┌────────
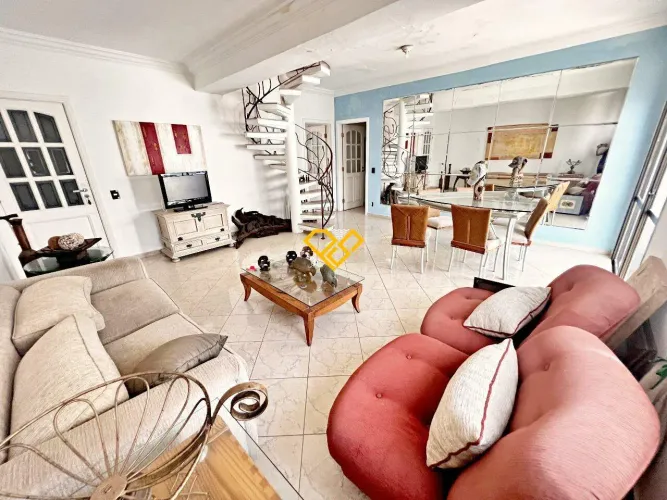 Cobertura Duplex 3 dormitórios a Venda em Santos - SP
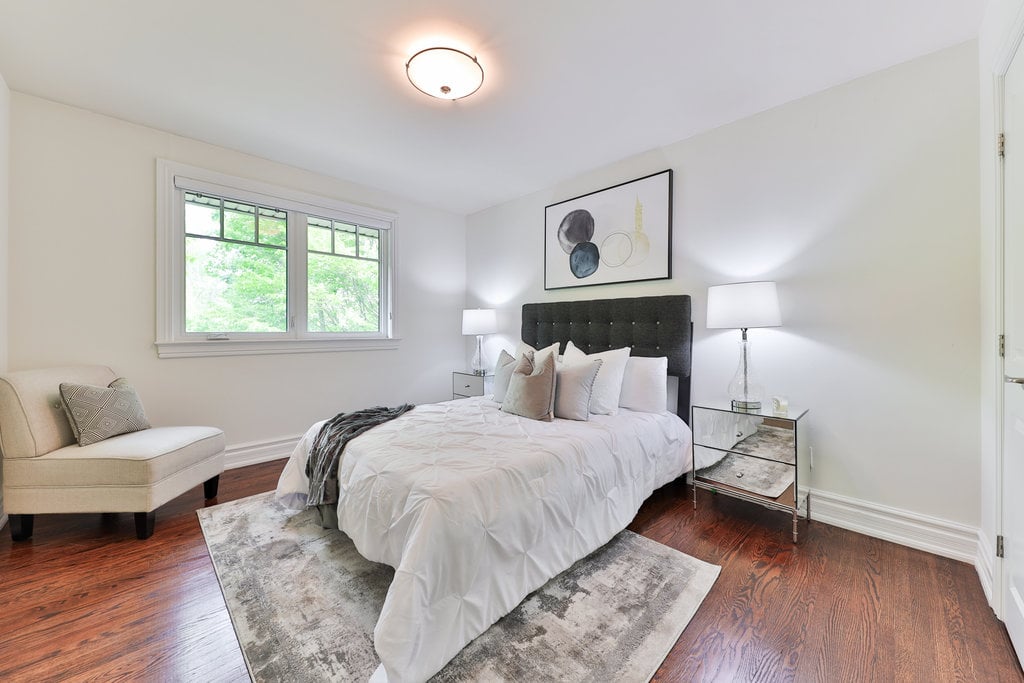 1293 Greenoaks Dr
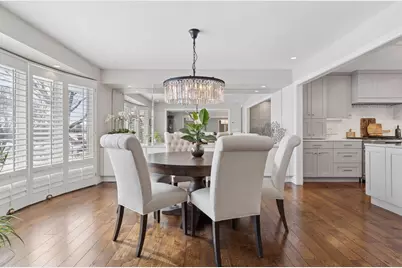 7108 Shannon Drive, Edina, MN 55439 - Photo 9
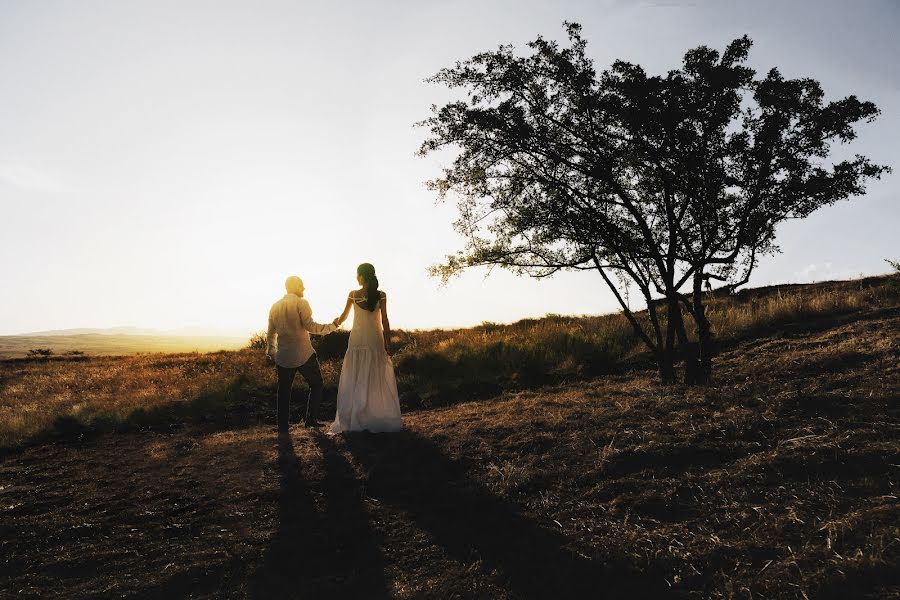 Fotografo di matrimoni Artur Kharakhashyan (ar4ifreeman). Foto del 2 ottobre 2022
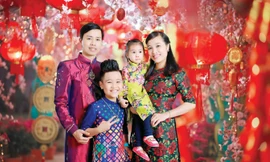 Nhật Minh vui xuân cùng gia đình. Ảnh: NVCC.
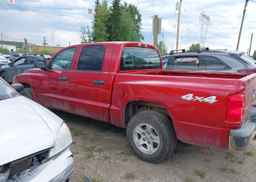 2006 DODGE DAKOTA QUAD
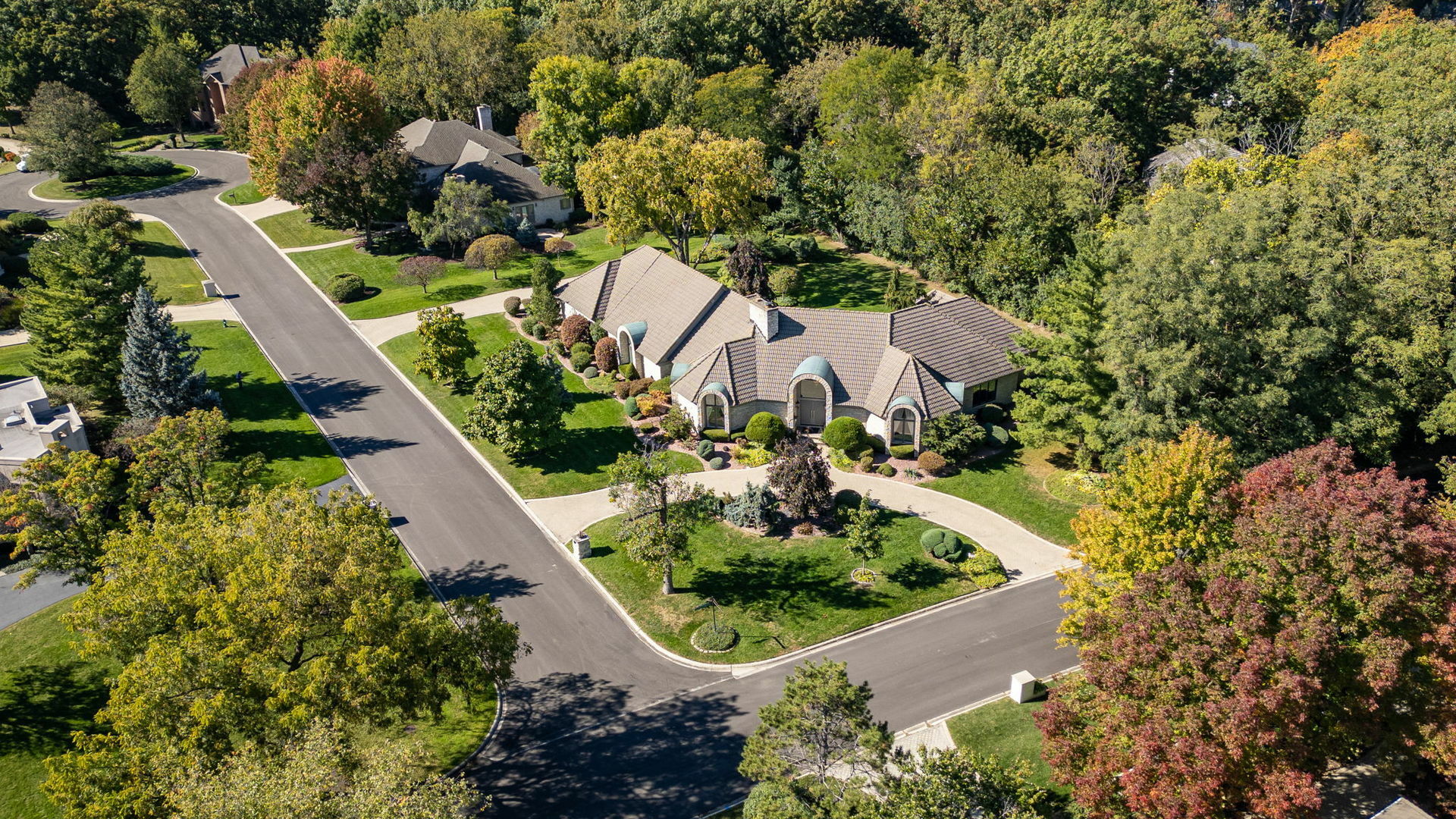 3108 Heritage Oaks Circle  Oak Brook IL 60523 photo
└────────
WHAT IS NEEDED: Without any pictures, reproduce exactly the lines from the line that contains "Nhật Minh vui xuân cùng gia đình. Ảnh: NVCC." to the end of the entries above, both ends included.

EXERCISE RESPONSE:
 Nhật Minh vui xuân cùng gia đình. Ảnh: NVCC.
 2006 DODGE DAKOTA QUAD
 3108 Heritage Oaks Circle  Oak Brook IL 60523 photo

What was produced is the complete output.